Word for word, give the records again, dropping any picture they hold.

__________________________________________________

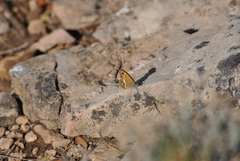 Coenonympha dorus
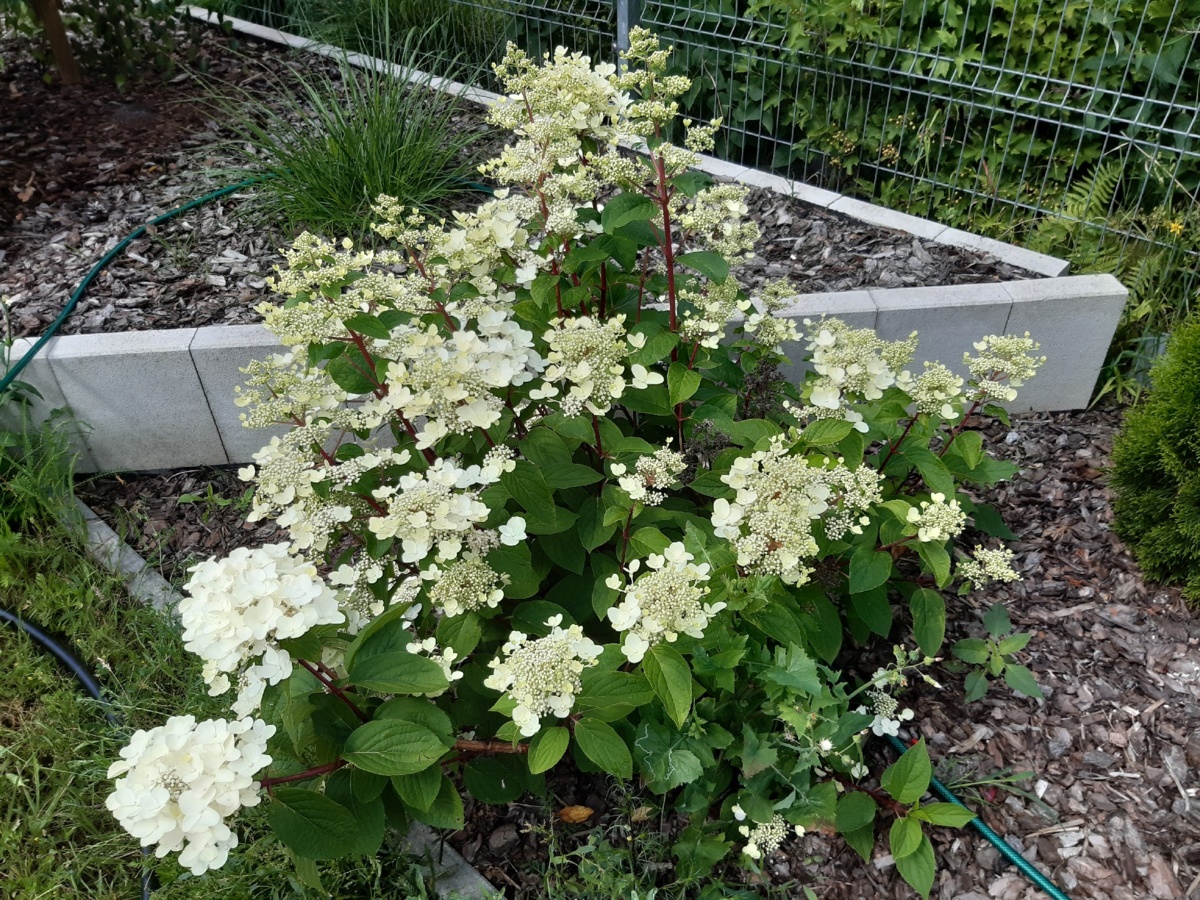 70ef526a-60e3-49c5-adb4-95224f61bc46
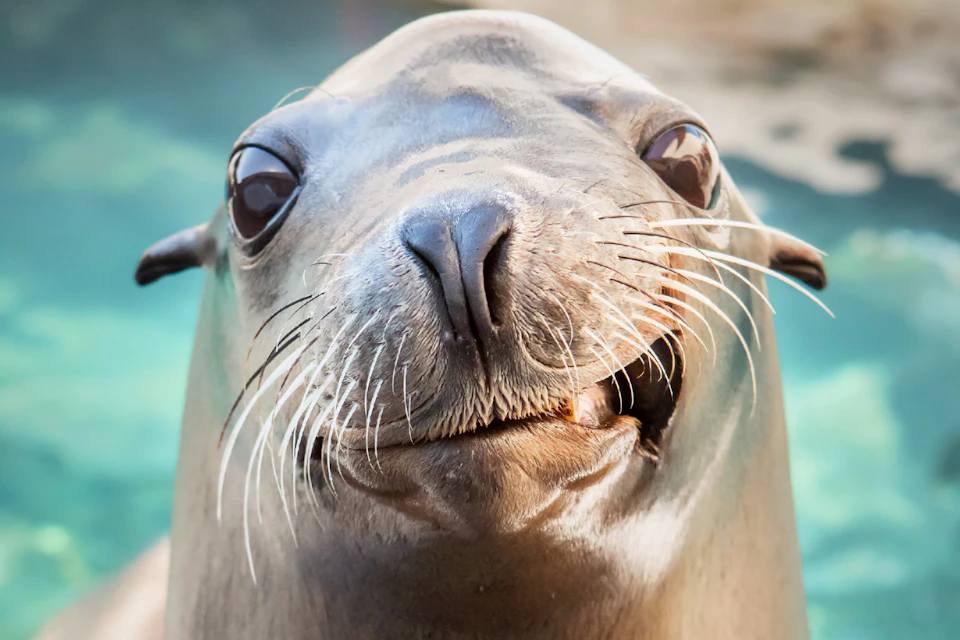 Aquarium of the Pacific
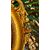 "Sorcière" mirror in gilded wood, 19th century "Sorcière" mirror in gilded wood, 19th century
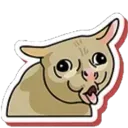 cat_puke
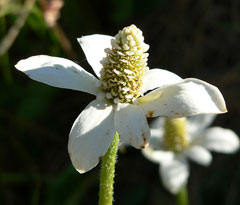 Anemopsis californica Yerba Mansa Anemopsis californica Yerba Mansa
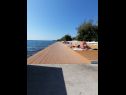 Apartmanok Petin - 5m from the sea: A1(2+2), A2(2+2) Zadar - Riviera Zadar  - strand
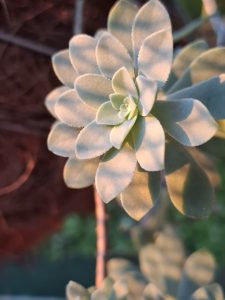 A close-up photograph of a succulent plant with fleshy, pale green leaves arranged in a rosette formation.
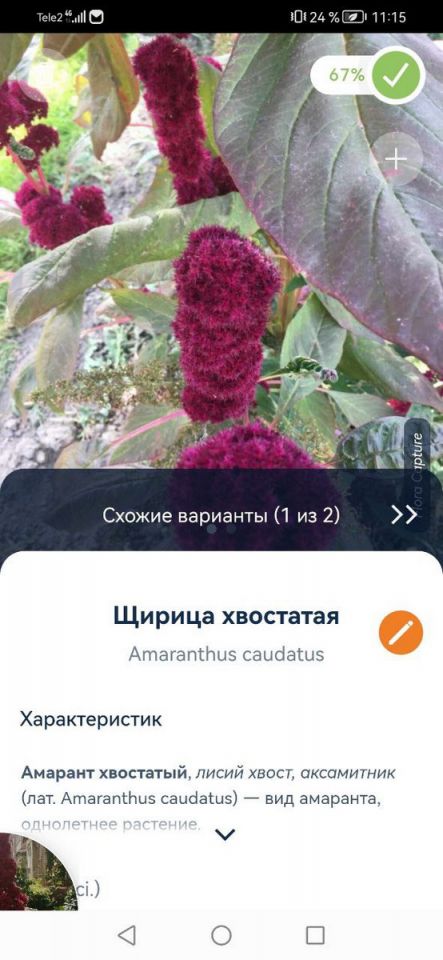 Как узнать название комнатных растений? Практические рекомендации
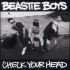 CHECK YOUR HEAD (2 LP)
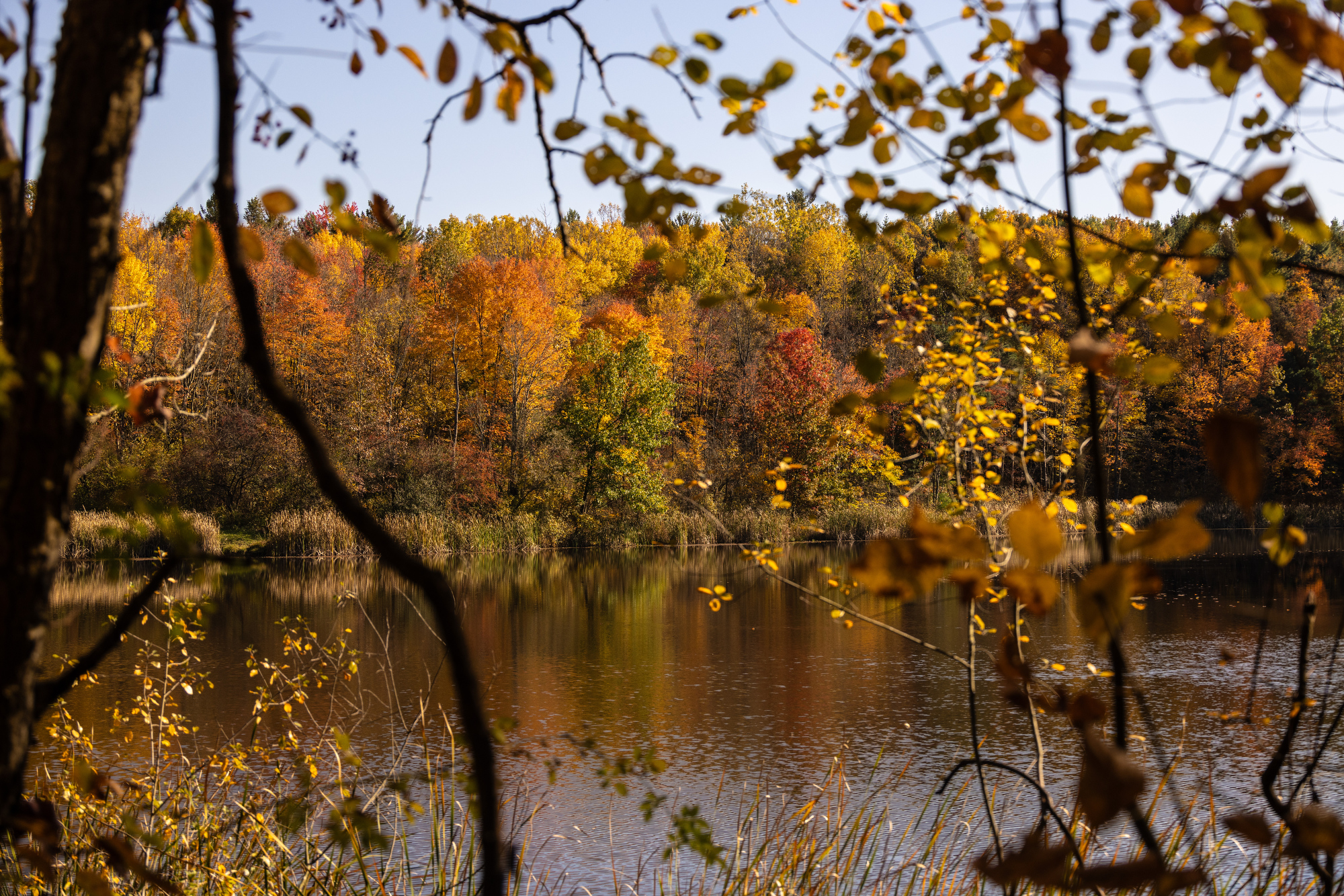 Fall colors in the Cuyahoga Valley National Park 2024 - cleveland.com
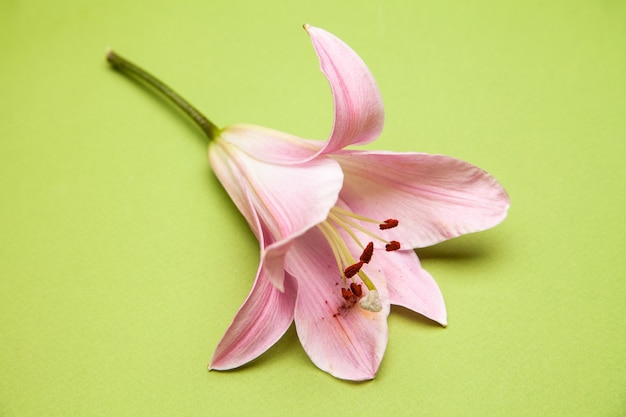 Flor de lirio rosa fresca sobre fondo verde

__________________________________________________

__EXPECTED ANSWER__
 Coenonympha dorus
 70ef526a-60e3-49c5-adb4-95224f61bc46
 Aquarium of the Pacific
 "Sorcière" mirror in gilded wood, 19th century "Sorcière" mirror in gilded wood, 19th century
 cat_puke
 Anemopsis californica Yerba Mansa Anemopsis californica Yerba Mansa
 Apartmanok Petin - 5m from the sea: A1(2+2), A2(2+2) Zadar - Riviera Zadar  - strand
 A close-up photograph of a succulent plant with fleshy, pale green leaves arranged in a rosette formation.
 Как узнать название комнатных растений? Практические рекомендации
 CHECK YOUR HEAD (2 LP)
 Fall colors in the Cuyahoga Valley National Park 2024 - cleveland.com
 Flor de lirio rosa fresca sobre fondo verde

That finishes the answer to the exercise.